A Short History Of The Terapanthi Sect Of The Swetamber Jains And Its Tenets: 5.2 The Tenets Explained [08-13]

Published: 25.09.2010
Updated: 25.09.2010
  1. Nations, states, societies and families are all due to the association of several beings and as in this world besides the human beings, there are also various other kinds of living beings and each living being is a separate entity and unit, the development of one soul helps in the develop­ment of others as it stands out as an example. According to the Jains, by his own good actions, every living being can attain a higher stage of evolution and can ultimately reach its goal from the human stage. To free ourselves from the Karma bondage is the primary duty and it is only by right knowledge, right perception, right conduct and self-control or penance that the accumulated Karma bonds can be loosened and destroyed. Jainism shows the different modes of practising these, but if these modes are also practised by anyone professing any other religion, he also is sure to tread the path leading to Salvation.

  2. Before dealing with the main causes of the Karma forces it would be better, if we briefly touch upon some technical terms of Jain Philosophy.

JlVA (living beings) are subdivided into two main categories: Siddha or liberated (having no body) and Sansari or worldly beings (having bodies). Worldly beings may be divided into many different subdivisions, such as:

  1. Tras (moving) and Sthavar (stationary)

  2. The four Gatis or stages of life,
    1. Heavenly beings (Deva),
    2. Human beings (Manushya),
    3. Infrahuman (Tiryyanch) and
    4. Hellish (Naraki)

  3. The five classes viz.:
    1. One organned (having body only),
    2. two organned (having body and organ of taste),
    3. three organnied (having body, and organs of taste, and smell)
    4. four organned having body and organs of taste, smell and sight) and
    5. five organned (having body and organs of taste smell, sight and hearing): and so forth.

With the mixing up of different Karma particles, living beings acquire different shapes and stages but their inherent qualification is the same. To illustrate this by a simple example, it may be noted that just as gold may be transformed into various ornaments, but the main thing remains gold all the while, so also every living being has the same inherent quality of consciousness, although it may have different degrees of it or may be in different planes. Just as different moulds give the same gold different shapes, so also different Karmas give the soul different body and shape and qualities.
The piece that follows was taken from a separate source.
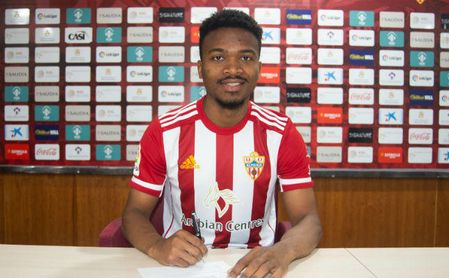 Kaptoum firmando su nuevo contrato Kaptoum firmando su nuevo contrato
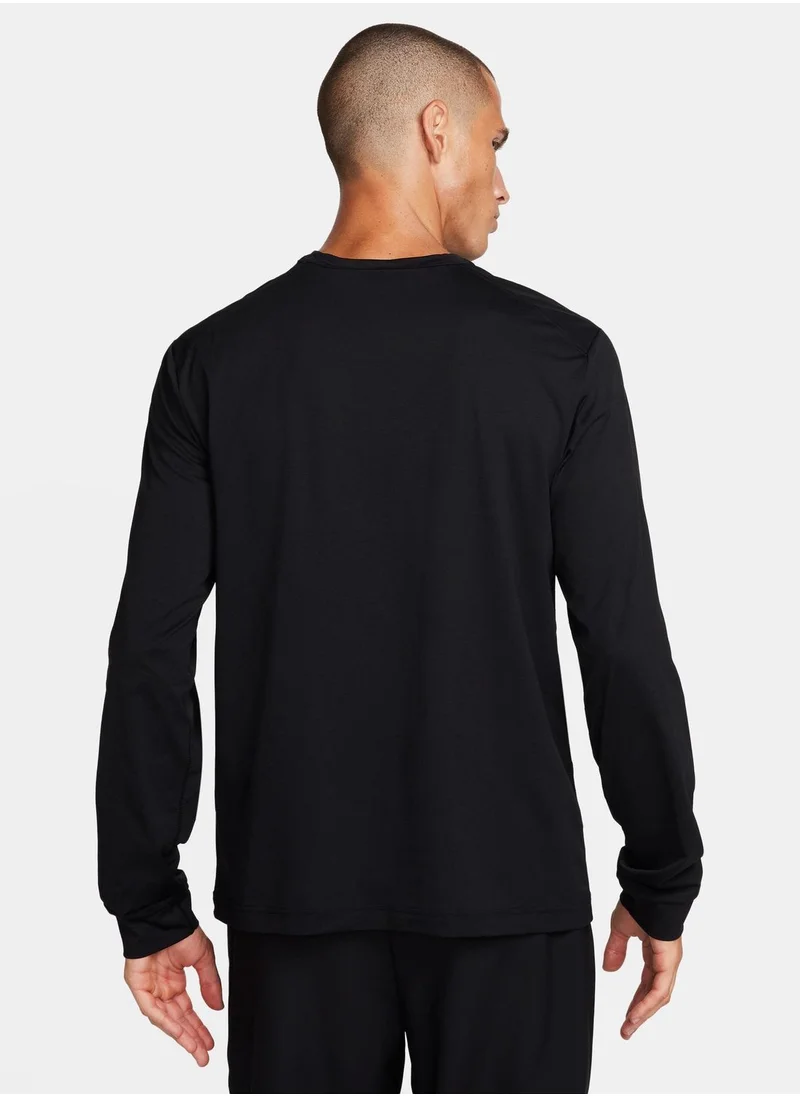 Nike Dri-Fit Track Club Heavy Verse Sweatshirt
  1. Ajiva or non-sentient things are those which have no consciousness and which either exist by themselves or are so mixed with conscious beings that it is difficult to separate them and they are the cause of the fall of the soul from its pure state. Ajiva has five main sub-divisions:

    1. Dharmastikaya (or that which helps soul and matter to move),
    2. Adharmastikaya (or that which helps the soul or matter to rest),
    3. Akasasti (or space, that substance which gives shelter to the living and the non-living),
    4. Kal (time), and
    5. Pudgala (matter)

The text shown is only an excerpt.